I think they're good for the price. I do prefer nature babies wraps though, which are only about £2 dearer but wash better. I used a mixture of nappies inclduing bambino mios on my older son, but I don't use bambino mios on my younger son because he is too wriggly and the prefold would fall out of the wrap when I'm struggling to get it on him. For this reason, I don't rate flips either. Bambino mio prefolds have quite a long drying time too. I'd look out for a few second hand. Becausae there's no elastic or PUL in them there's not much can go wrong with them so you can buy cheap ones that are donkeys old and they'll be no better then brand new!


----------



## Jellyt

I got ours because they were on offer and now theyre all I use! The large wrap which should fit her for her size (weight determined) doesn't fit that well and we had to buy the wraps a size bigger. I've heard the same from someone else. There are some funky designs too!


----------



## lynnikins

I have loads of prefolds the right size for your LO they are Cotton ones and i used/use them on my boys i have loads spare though if you were interested, dont have any wraps but i would look at better wraps than the BM ones https://www.funkymonkeypants.com/wraps.html heres a good selection of wraps that are fairly highly rated, i also like the Econobums wraps from BG althogh they dont have any flaps to hold the prefold in place like other wraps do


----------



## Jibber Jabber

fluffpuffin said:


> I love prefolds personally, and they're pretty easy to use, but I much prefer the flip organic system as the wraps are better and the are onesize. I've not heard great things about the bambino mio wraps.
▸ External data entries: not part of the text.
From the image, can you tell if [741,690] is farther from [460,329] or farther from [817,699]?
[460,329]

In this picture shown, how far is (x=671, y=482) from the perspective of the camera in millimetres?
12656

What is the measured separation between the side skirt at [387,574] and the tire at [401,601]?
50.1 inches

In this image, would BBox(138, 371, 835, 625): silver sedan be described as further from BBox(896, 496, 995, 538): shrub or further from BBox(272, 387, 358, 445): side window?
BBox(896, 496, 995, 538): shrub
Same for us, I have to say the BM prefolds are the most absorbant that we have used and LO is a heavy wetter. The wraps are fine though, granted they're not as pretty as other brands etc but they do the job. Especially if you could get them preloved. 

We use Tuttos as well but our Flips with Mio folds are a trusted fave, even for a night nappy.


----------



## happymum55

I have followed the recommended video clips you sent me. And even tried exactly what they suggested. The velcro pants come undone and the cotton nappy does not fit properly inside the waterproof pants. They also leak and I have to change her bodysuit quite regularly. Also the nappy is so bulky I have to put on a larger size bodysuit to get it over the bulky nappy.

Im not happy with this product and have given it quite enough opportunity to work.

I ironed them to soften the nappy, rather defeats the purpose of being environmentally friendly.

I have wasted my money on this product and quite a few other people have also felt this product is not worth the price. Its only a piece of cotton. Why is it so expensive???


----------



## Snuffy

We used them for a while but didn't really get on with them. They were easy enough to use and we never had a wee leak with them, but they never once contained a poo with Amy. It may just have been the fit on her, as we never had any accidents at all that I can recall once we switched to BGv3s.


----------